Older adults in Denmark with Salmonella had higher co-morbidity than their matched reference persons (Gradel et al., 2008). Cummings et al. (2016) reported that among individuals with salmonellosis in the US, having two or more chronic conditions was associated with a longer duration of hospitalisation and a greater disease severity.

Campylobacter and underlying conditions

Mean age of those with a severe outcome was >20 years above the mean age for all Campylobacter cases (46.2 years), this may be attributed to the higher rates of underlying medical conditions among the older population. Over the 5-year period (2013-2017) there were 30,196 confirmed cases of Campylobacter in Scotland, 12 cases died with Campylobacter enteritis their mean age was 75.5 years (Food Standards Scotland, 2020a, 2020b). Data from Denmark indicate that older adults with Campylobacter had higher co-morbidity than their matched reference persons (Gradel et al., 2008).
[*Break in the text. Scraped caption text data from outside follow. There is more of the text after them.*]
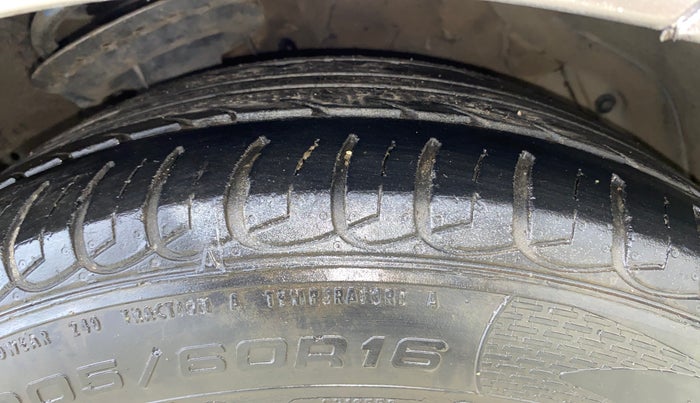 2012 Hyundai New Elantra 1.8 SX MT VTVT, Petrol, Manual, 95,284 km, Right Front Tyre Tread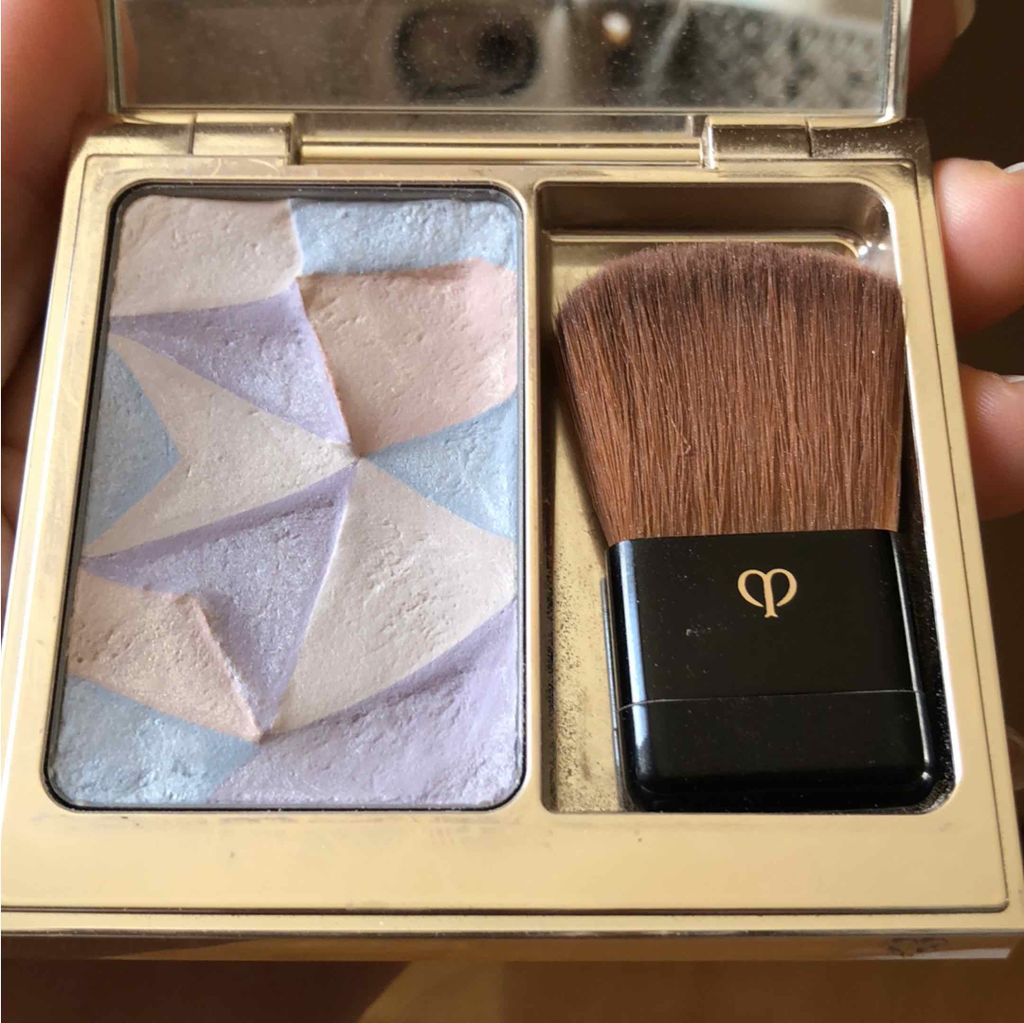 クレ・ド・ポー ボーテ レオスールデクラ/クレ・ド・ポー ボーテ/パウダーハイライトを使ったクチコミ(2枚目)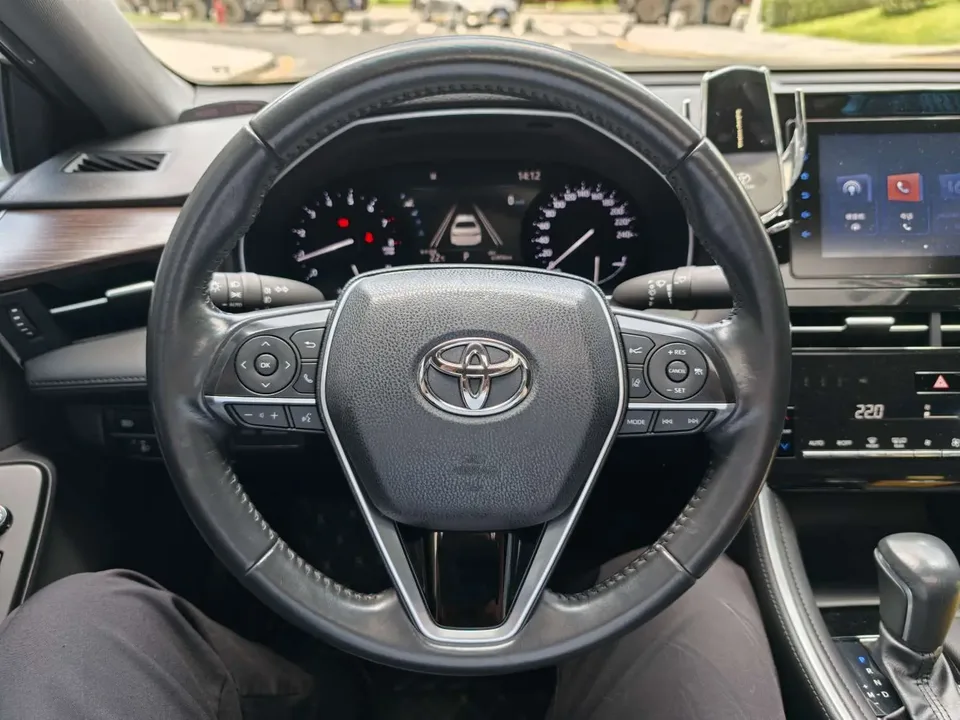 Toyota Avalon 2.0L CVT Premium Edition 2023 — миниатюра 5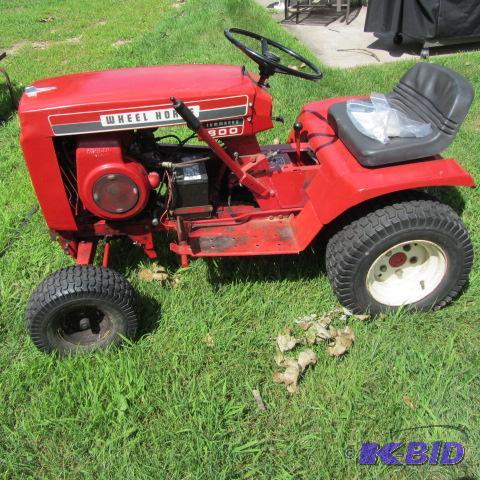 lot 7 image: Wheel Horse 800 Lawn Tractor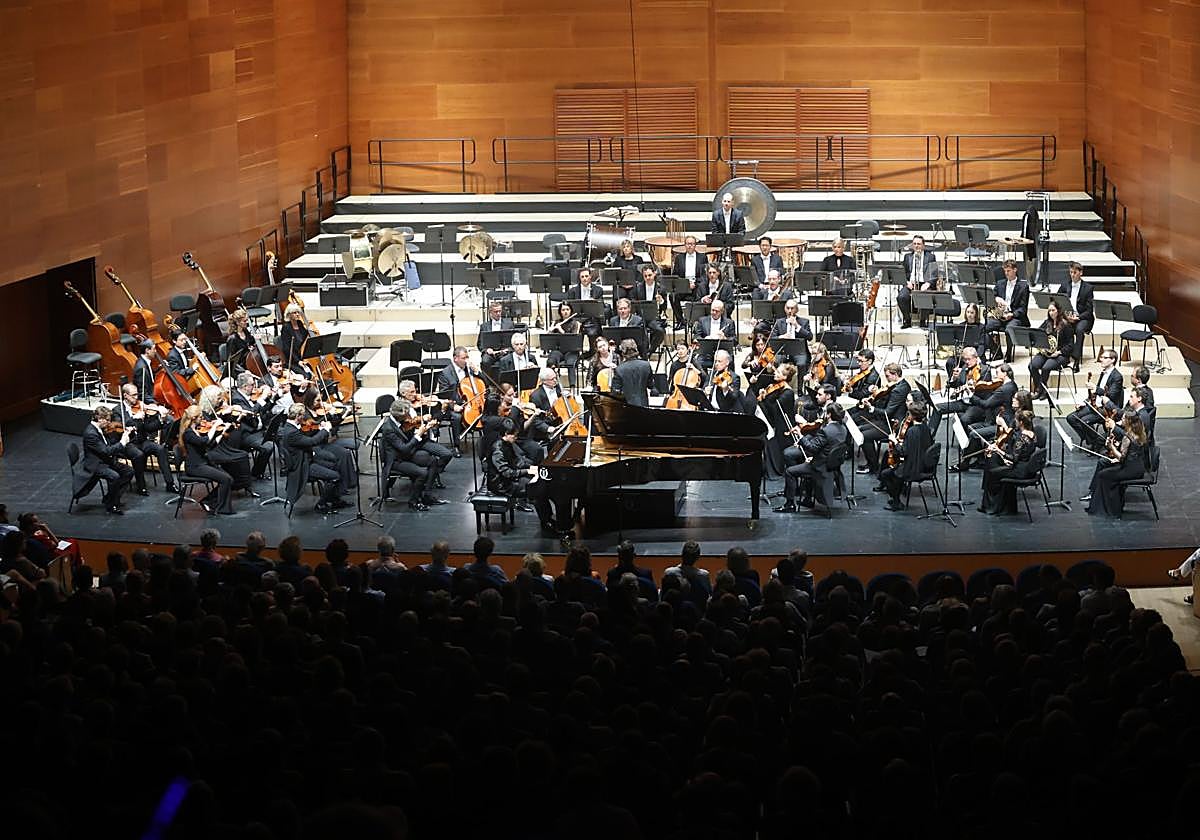 La Orquesta de Luxemburgo protagonizó este jueves el primer concierto de la Quincena Musical en el Kursaal.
Table 19 below provides a comprehensive summary of the physiological reasons for increased susceptibility to foodborne illness among the selected clinically vulnerable groups and provides the range of prevalence for the five key pathogens of interest among the clinically vulnerable groups from the reviewed studies (n=138).

The table indicates that breakdown of prevalence for all five pathogens is only available according to age group. As discussed elsewhere, data detailing prevalence among multiple clinically vulnerable groups are only available for L. monocytogenes, it is of interest that 49 of the reviewed studies reported that 65 – 76% of listeriosis cases were among older adults.